The property at 609 Morningside Ave. isn’t any more damaged than the average foreclosure home her company buys, but Jennifer Derr of Remade Properties said she still expects the gut and remodel to take months.
Derr’s company bought the property in May for $160,000, according to city documents. It was one of the last properties in Madison owned by Ray Peterson, who was ordered by a judge to relinquish his control of dozens of rental properties that had been deemed public nuisances.
Remade Properties buys, renovates and sells old properties, said Derr, who co-owns the business with her husband and brother-in-law.
“We’re going to turn (the building) into a single-family home and restore it to what it should have been,” she said.
After the city of Madison won a 2015 lawsuit and a judge deemed the Morningside Avenue property and 44 others public nuisances, Peterson, 92, sold all of his rental properties.
The City Attorney’s Office said Peterson has now sold all 48 properties he had owned in the city for a total of about $6.3 million, although the proceeds are subject to costs that the companies managing his properties have incurred in the interim.
“Assistant City Attorney Jennifer Zilavy has worked diligently on this matter for over two years,” City Attorney Michael May said. “Bringing a matter of this complexity to a conclusion in that time frame took a lot of effort.”
The city filed the public nuisance complaint against Peterson in October 2015, claiming that his properties had racked up more than 1,400 building code violations over the previous five years and more than $650,000 in accumulated judgments from building code prosecutions between May 2011 and June 2015.
“It’s because he didn’t fix those properties that he had to pay so many fines,” May said. “It makes people wonder why he didn’t use that money to pay for repairs, but that was his choice.”
In June 2016, Dane County Circuit Judge Julie Genovese ordered Peterson to no longer manage or maintain any of his properties that were declared to be public nuisances.
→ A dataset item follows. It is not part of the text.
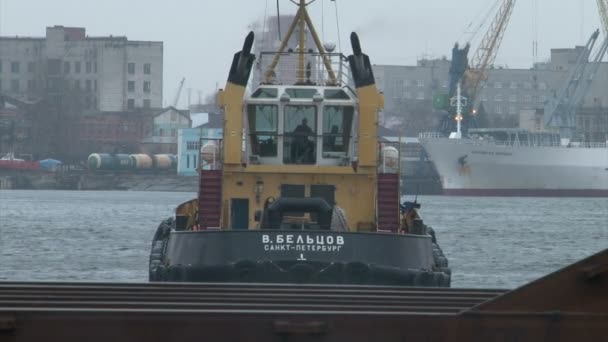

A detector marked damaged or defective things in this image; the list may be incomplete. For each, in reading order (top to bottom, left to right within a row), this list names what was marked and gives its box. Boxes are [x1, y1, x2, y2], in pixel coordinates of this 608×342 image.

Genovese appointed Anchor Property Management as a receiver to bring the buildings up to code, and Peterson decided to sell the properties.
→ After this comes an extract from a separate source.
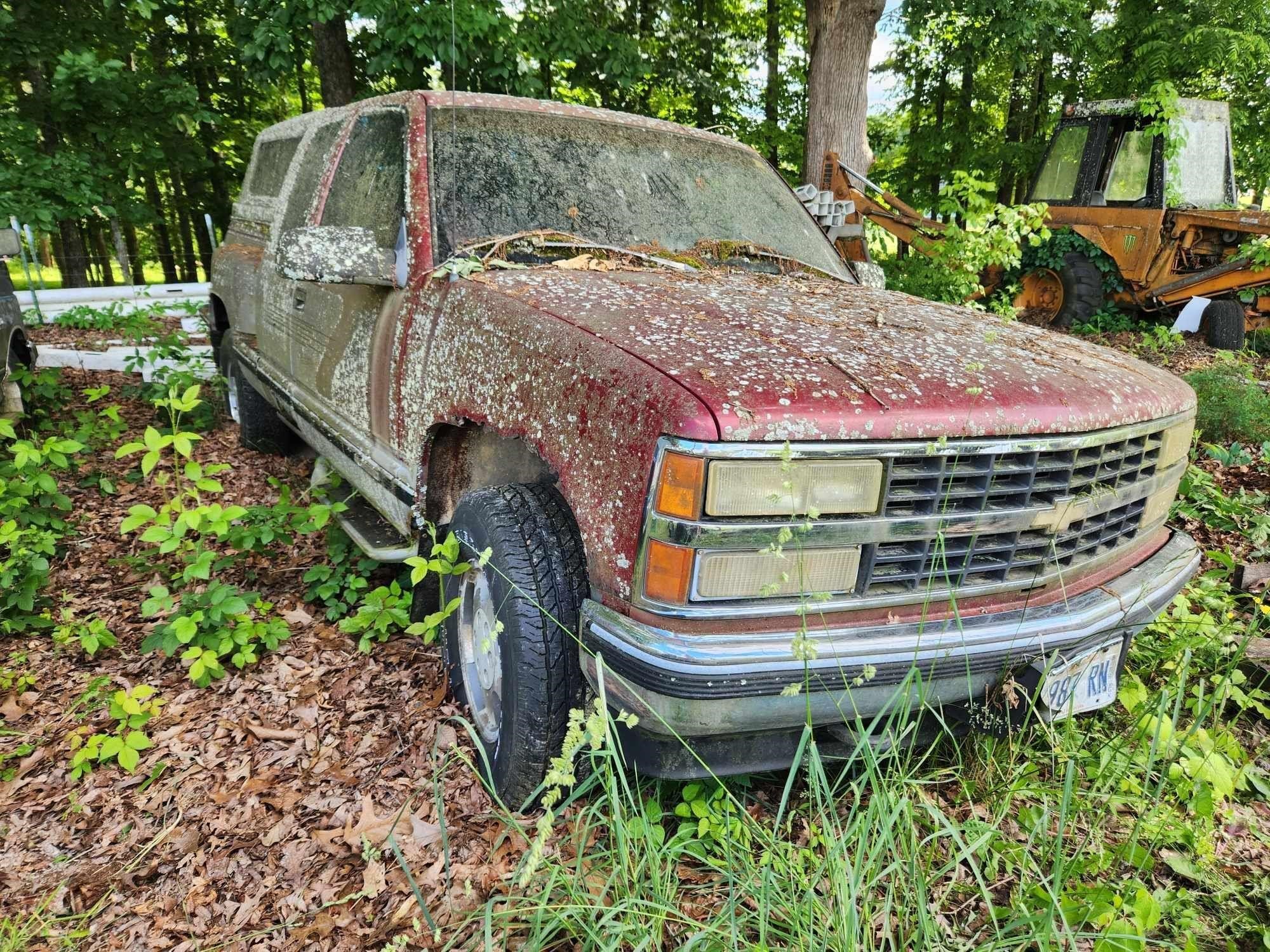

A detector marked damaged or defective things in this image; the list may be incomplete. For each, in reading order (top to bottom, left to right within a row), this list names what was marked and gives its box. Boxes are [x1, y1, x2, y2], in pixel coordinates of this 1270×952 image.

rusted wheel well [424, 424, 559, 531]
abandoned red suv [211, 91, 1199, 807]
The first properties were sold in December 2015, and the final properties sold last month.
Peterson said Saturday an appeal is still pending and he hopes to get back some of the properties which he said were sold significantly below their value.
“We lost over $2 million that we know of,” Peterson said.
Peterson has maintained that he was unfairly targeted by city officials.
May said that having the properties sold will positively affect the neighborhoods and that the properties are more likely to be maintained by the new owners.
“You had a landlord here who didn’t want to take care of his properties,” May said. “It was only through this extra effort that we were able to get these results.”